In the next attack, a few months later, the perpetrators poured petrol over the tent where several women sleep. As the tent dissolved in a fiery blaze above their heads, the criminals told them to stay where they were or be shot when they exited. The young men nearby heard the commotion and rushed to put out the fire, scaring the criminals away in the process.
On another occasion gunshots were fired at the settlement.
On April 8 last year, while community members were meeting with the area chief at his residence, a gang rampaged through the makeshift settlement and torched most of it.
The alleged gang leader, a known armed robber released from prison on parole, will answer for the case in the coming weeks. Community members want to find out who put the criminals up to these attacks, and why.
“I’m amazed at the restraint of the families, given the provocations they’ve endured,” says Neil Herrick, CEO of Arqomanzi.
Mine failures of this kind are seldom without incident, but this one is particularly ugly.
McChesney says accusations have been levelled at Vantage for these attacks, but believes the source of the conflict is inter-community rivalries.
“It’s ridiculous to try to pin the blame on these attacks on us. The perpetrators and their motives are well known in the community.”

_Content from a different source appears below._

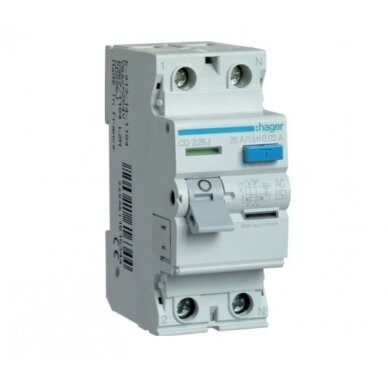 Srovės nuotekio relė Hager CD226J (AC, 25A, 2P, 30mA, 230V) Srovės nuotekio relė Hager CD226J (AC, 25A, 2P, 30mA, 230V)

Heated accusations from both sides
The two parties fighting for control of the assets are Arqomanzi and Vantage Goldfields SA (VGSA, under whose watch the accident occurred).
Arqomanzi became the largest creditor in Vantage when it acquired, from Standard Bank, loan claims of R391 million and R189 million in Vantage Goldfields and Barbrook respectively. Mimco is the company that controls Lily mine. All three companies (VGSA, Barbrook and Mimco) are under business rescue.
Arqomanzi acquired these claims from Standard Bank for a song (R15.5 million), a strategy deemed ”innovative manoeuvring” by Acting Judge Roelofse in the Mpumalanga High Court in 2019 when Vantage challenged its standing as a creditor.
The court found that Arqomanzi was indeed a valid creditor and ordered that the business rescue practitioners may not unilaterally amend a business rescue process without creditor approval, specifically the approval of the largest creditor Arqomanzi.
Two further court cases were won by Arqomanzi and these are currently being appealed by Vantage at the SCA.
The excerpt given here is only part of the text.